Print the listing exactly.

Source material:
—————
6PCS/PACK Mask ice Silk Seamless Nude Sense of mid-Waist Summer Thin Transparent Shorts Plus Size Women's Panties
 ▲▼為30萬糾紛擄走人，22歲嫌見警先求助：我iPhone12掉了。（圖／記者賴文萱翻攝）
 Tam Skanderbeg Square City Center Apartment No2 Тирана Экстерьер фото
—————
Response to the task:
6PCS/PACK Mask ice Silk Seamless Nude Sense of mid-Waist Summer Thin Transparent Shorts Plus Size Women's Panties
 ▲▼為30萬糾紛擄走人，22歲嫌見警先求助：我iPhone12掉了。（圖／記者賴文萱翻攝）
 Tam Skanderbeg Square City Center Apartment No2 Тирана Экстерьер фото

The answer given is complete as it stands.